Neural Networks are capable of learning complex and non-linear relationships. However, in this case:

* The dataset is relatively **small**.
* The features are already **well-engineered technical indicators**.
* The relationship between features and the target variable is mostly **linear**.

Because of these reasons, the Neural Network learns the **same decision boundary** as Logistic Regression. Consequently, both models produce **identical predictions and evaluation scores**, indicating that additional model complexity does not improve performance for this dataset.



## **3. Effect of Volatility on Predictions**

The **high_volatility** feature represents periods of increased market uncertainty.

* During high volatility, price movements become noisy and less predictable.
* Technical indicators may generate false or misleading signals.
* Both models show increased misclassification during such periods.

This demonstrates that volatility negatively impacts prediction reliability for both linear and non-linear models.



## **4. Role of Trend Continuation**

**Trend_continuation** plays a significant role in predicting future price movement.

* Financial markets often exhibit momentum, where existing trends persist.
* When a trend is continuing, both models correctly predict upward price movement in most cases.
* This feature strongly contributes to the **high recall** observed in the results.

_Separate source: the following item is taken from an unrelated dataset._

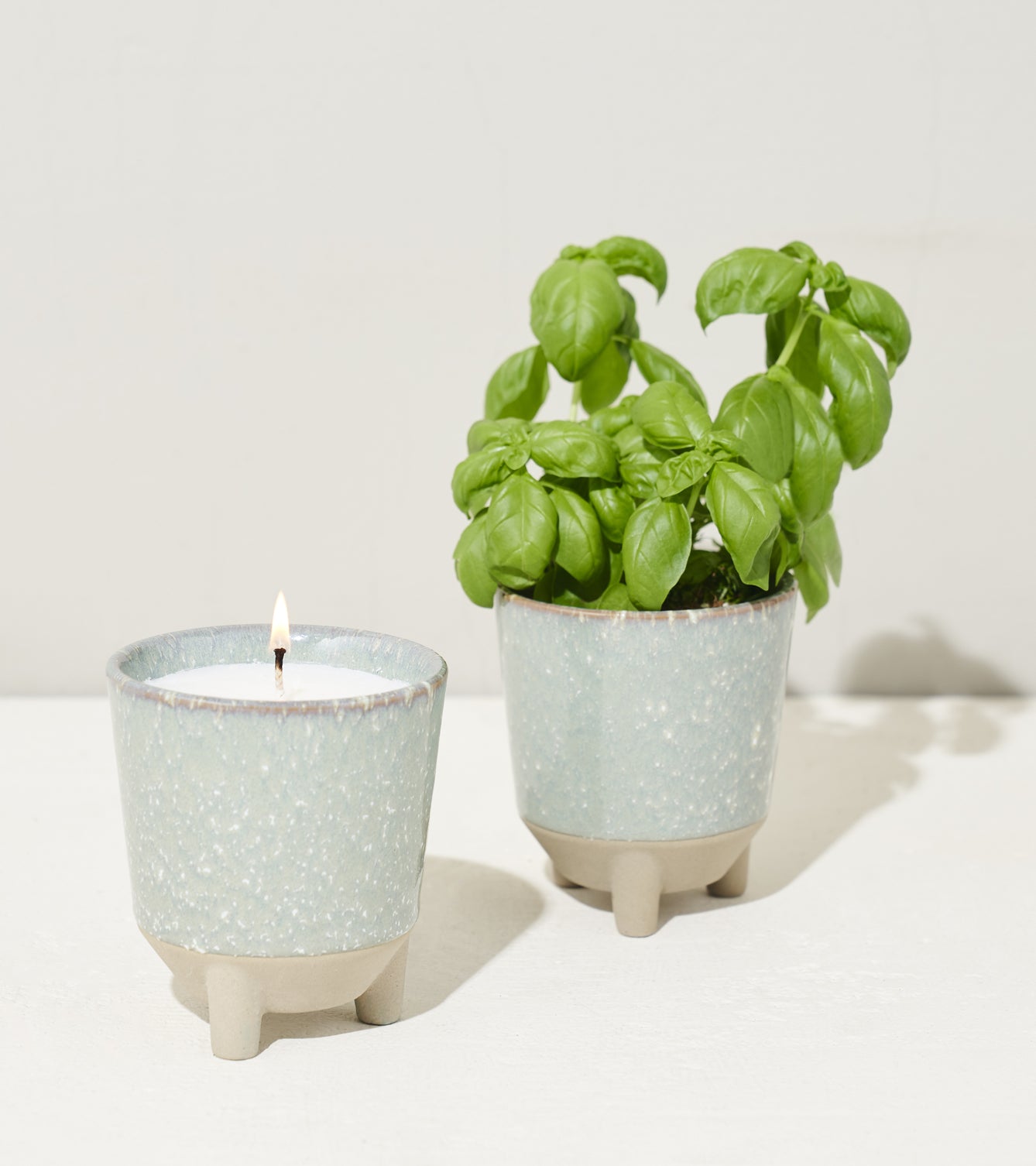 Two ceramic pots: one with a lit candle and the other with vibrant basil plants, showcasing a stylish Glow & Grow Kit.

Trend-following behavior is therefore a key driver of model performance.


## **5. Situations Where the Models Fail**

The models tend to fail in the following scenarios:

* Sudden market regime changes (e.g., bullish to bearish)
* Highly volatile or sideways markets
* Unexpected news or external economic events

Additionally, the dataset is **imbalanced**, with more instances of upward price movement than downward movement. This causes both models to favor predicting the majority class (“Price Up”), leading to high accuracy but weaker performance in predicting rare downward movements.



## **6. Overall Interpretation**

The identical performance of Logistic Regression and the Neural Network indicates that the dataset is **largely linearly separable**. The engineered technical features already capture most of the predictive information, making a simple linear model as effective as a more complex neural network for this task.